All parameters with a leading (opt) in their comment are optional and can be omitted from the configuration file, the same applies to all items listed in tasks.

Configuration#

This section maps one-to-one to a yaw.config.Configuration instance and specifies the correlation backend related parameters, the correlation measurement scales, and the redshift binning. The parameter descriptions in the box above are mostly self-explanatory, however there is one peculiarity:

Note

The configuration of the redshift bins has two mutually exclusive parameter group. The binning must specifed as either of:

  • binning.zbins, i.e. providing a list of bin edges, or

  • binning.zmin, binning.zmax, (binning.zbin_num, binning.method), i.e. providing parameters used to generate a binning automatically.

If both are provided, binning.zbins is ignored.

Data#

This section specifes the input data files, split in two subsections reference and unknown. Either section is optional, e.g. if no unknown sample is needed for the tasks to perform, the section can be omitted.

Both sections each contain two subsections called data and rand, which specify the data and optionally random datasets. While the data subsection is always required, the rand can be omitted.

Note

Computing a crosscorrelation requires at least one of the two possible random samples (data or rand).

In each section, only the filepath, ra, and dec parameters are required, the reference section additionally requries redshifts through the z parameter. In the unknown section, filepath may also specify many input files (e.g. different tomographic bins), however these must all have the same column names. Instead of providing a single file path, provide a mapping of subset / bin index to file path, e.g.

filepath:
    1: path/to/sample1
    5: path/to/sample5

instead of

filepath: path/to/sample

Note

Spatial patches, which are used for error and covariance estimation, must be defined consistently for all input samples. Either use the n_patches parameter to generate them automatically, or provide a column in the input files with an integer patch index using the patches parameters, e.g.:

data:
    filepath: ...
    patches: name_of_patch_column

Tasks#

This section is lists all tasks to be applied to the input data. The default setup.yaml will contain all possible tasks with a listing of all parameter default values. The setup.yaml in a project directory always contains a correctly ordered list of tasks (see above), without any duplicates (i.e. replacing existing entries with the most recent calls).

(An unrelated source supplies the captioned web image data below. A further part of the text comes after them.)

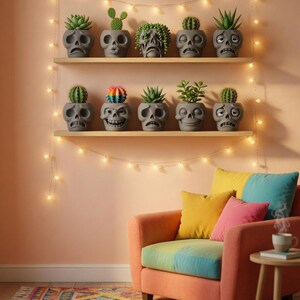 May include: A display of gray skull-shaped planters, each holding a different succulent or cactus. The planters are arranged on wooden shelves, with a string of lights above. The room features a colorful rug and armchair.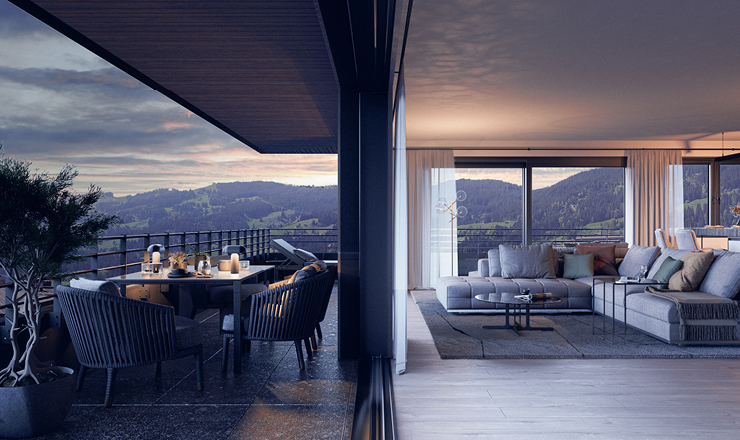 Moderne, exklusiv eingerichtete Wohnung mit Blick auf die Berge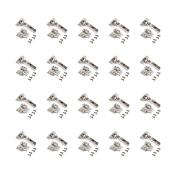 Lot 20 charnières droites X91N embases visser Acier nickelé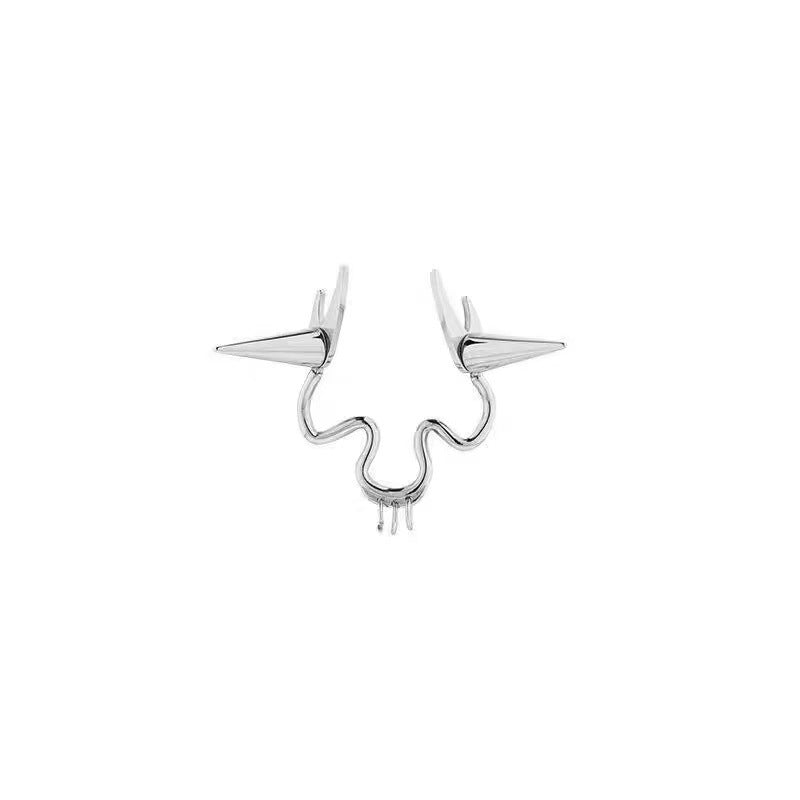 No-Piercing Punk Nose Ring | Dark Gothic Clip-On Nose Cuff in Plated Metal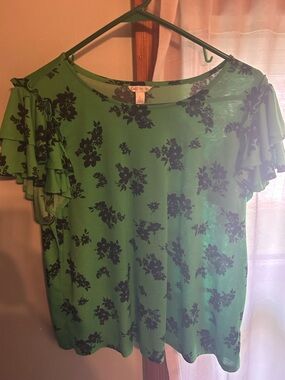 Cato Green Floral Ruffle Sleeve Top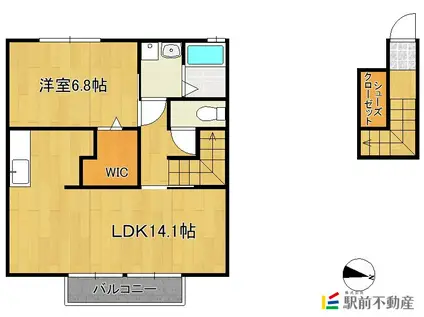 リッチ カトレア(1LDK/2階)の間取り写真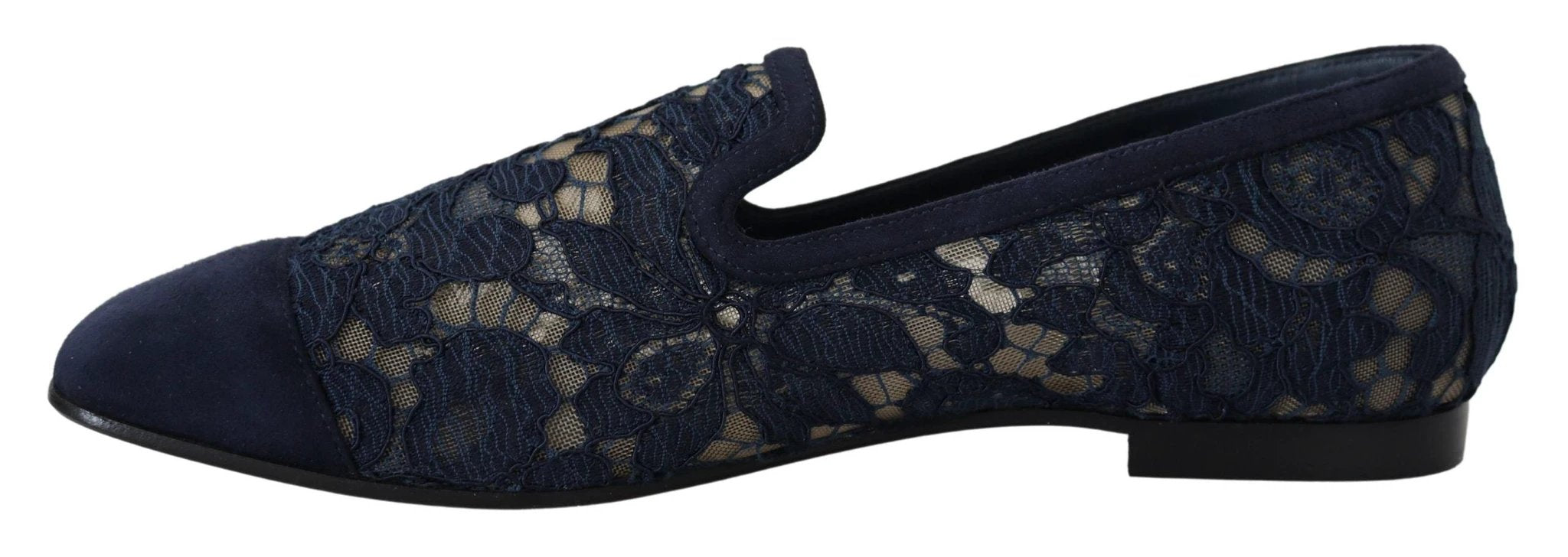 Dolce & Gabbana Blue Floral Lace Slip Ons Loafers Flats Shoes by Dolce & Gabbana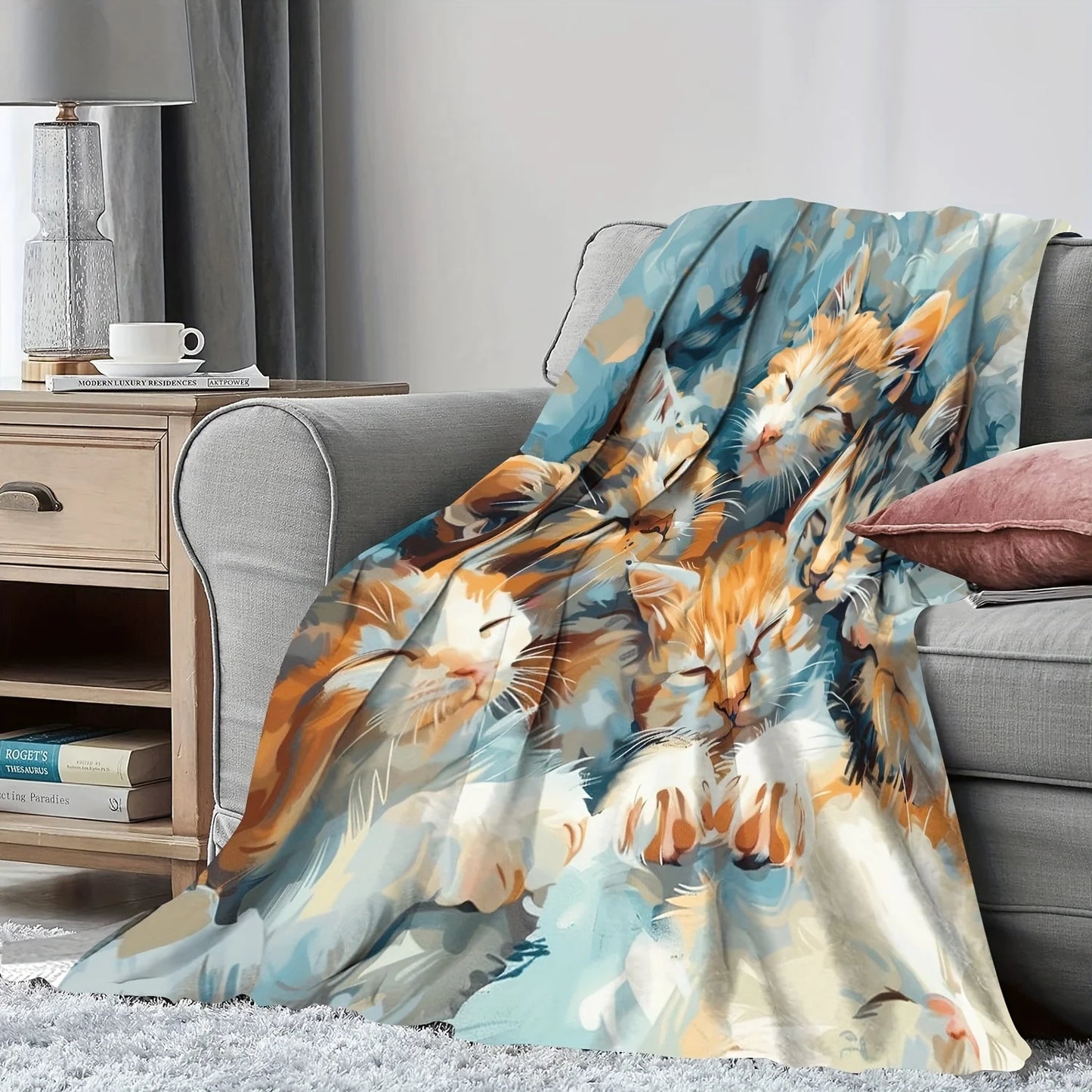 Cozy Cat Lover's Flannel Throw Blanket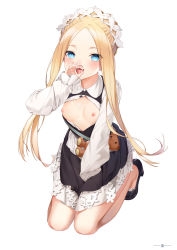 Rule 34 | 1girl, abigail williams (fate), abigail williams (festival outfit) (fate), absurdres, black footwear, black skirt, blonde hair, blue eyes, blush, breasts, breasts out, cum, cum in mouth, cum on body, cum on breasts, cum on upper body, dress, fang, fate/grand order, fate (series), fellatio gesture, forehead, heroic spirit chaldea park outfit, highres, long hair, long sleeves, looking at viewer, maid headdress, nipples, official alternate costume, open clothes, open dress, open mouth, oral invitation, parted bangs, sash, seiza, sidelocks, simple background, sitting, skirt, small breasts, smile, solo, stuffed animal, stuffed toy, teddy bear, user yzzn3747, white background, white dress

Every task and all task parameters are optional and be omitted. For example,

tasks:
    - cross:
          rr: false
    - zcc

and

tasks:
    - cross
    - zcc

are equivalent, since rr: false is the default value. Note that the task zcc can be repeated arbitrarily many times, as long as the tag names differ. If the tag name is identical, only the last version is kept. For example,

tasks:
    - cross
    - auto
    - zcc:
          tag: no_bias_mitigation
          bias_ref: false
    - zcc:
          tag: fid

will generate two redshift estimates, one called no_bias_mitigation, which does not use the reference sample autocorrelation to mitigate galaxy bias and one called fid, where the bias is mitigated. (Since fid is the default tag, it is also possible to omit the last line entirely.)

Advanced usage#

The --config-from argument for yaw_cli run allows to rerun a previous analysis setup (same input files and list of tasks), but using the configuration section from a different input file. This is particularly useful if one only wishes to change the measurement scales or redshift binning, etc.

For example

yaw_cli version2 -s version1/setup.yaml --config-from new_config.yaml

creates a new project directory called version2. The task list and input files are taken from the setup file of an existing project called version1, but the configuration section is read from the new_config.yaml (ignoring any other file contents).